Un chantier hors norme

(1998-2006)

1998, le moment de " l'abordage " est arrivé. Les entreprises chargées de la restauration accostent au château pour entamer ce chantier titanesque. Guidé par la volonté de rester fidèle à l'esprit de l'édifice, Daniel Lefèvre, Architecte en Chef des Monuments Historiques, en collaboration avec la Direction Régionale de Affaires Culturelles, assure ainsi la maîtrise d'oeuvre du chantier. Un exercice exceptionnel de restauration commence ! En effet, l'insularité représente avant toute chose une contrainte importante dans le déroulement des travaux. Le vent, la marée, l'air salin, la météo : autant de paramètres dont il faut tenir compte et qui limitent les plages d'intervention sur le monument.


Contre vents et marées !

La construction d'une cale d'accostage constitue la première étape essentielle de ce chantier. Etendue sur 20 mètres, cette estacade réversible est conçue pour résister aux conditions naturelles. L'accès au château étant facilité, la restauration du monument peut alors commencer. Financé intégralement par l'Etat, les travaux se concentreront tout d'abord sur l'extérieur. Un grand travail de maçonnerie et de taille de pierre est ainsi entrepris : réfection des joints et des dallages, remplacement des pierres abîmées, injection de mortier de chaux, étanchéité de la terrasse… Le pont-levis est entièrement démonté puis reconstruit à l'identique pour fonctionner manuellement, comme à l'origine. Enfin, certaines huisseries sont restaurées, d'autres refaites à neuf.

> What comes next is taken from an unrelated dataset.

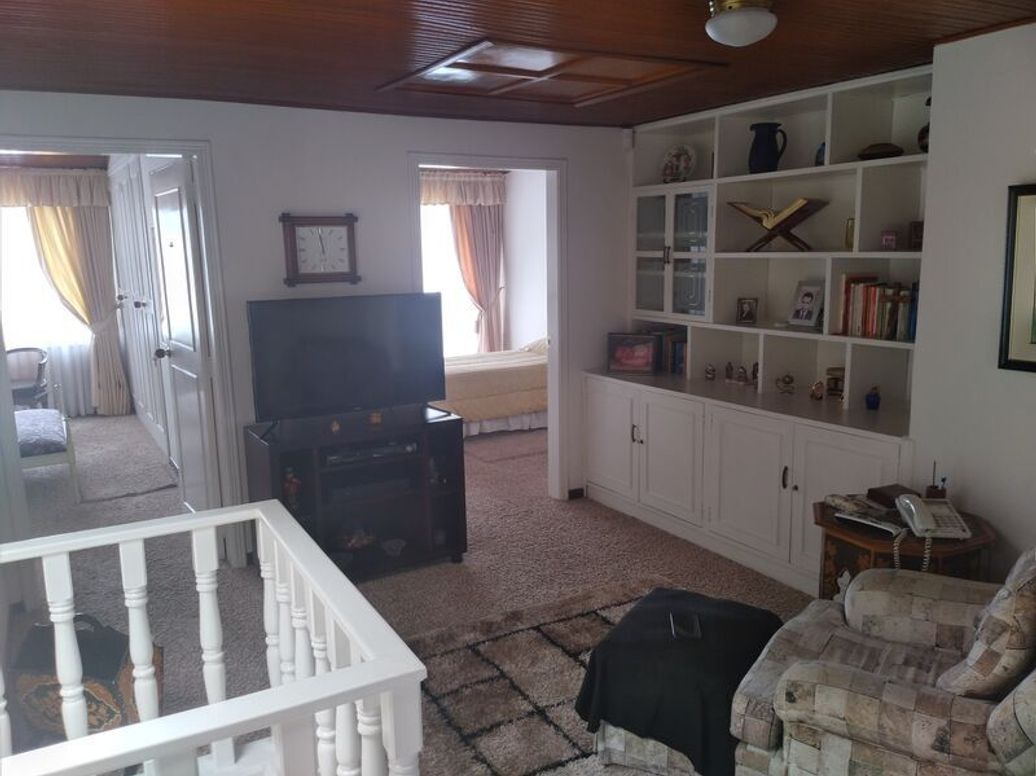 Casa de 4 alcobas en venta en Mónaco, Bogotá, 250 m² · foto 4 de 19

Quatre ans plus tard, c'est au tour des pièces intérieures du château d'affronter l'oeil averti des ouvriers, afin de leur rendre leur authenticité. Les murs, les voûtes et les escaliers sont ainsi restaurés, un plancher en chêne est également posé. Tous les parements des pièces sont restaurés à l'identique, avec les techniques du XVIIIème siècle. Juin 2006 : le chantier est terminé, les supports scénographiques installés, le Taureau a enfin retrouvé son âme d'antan.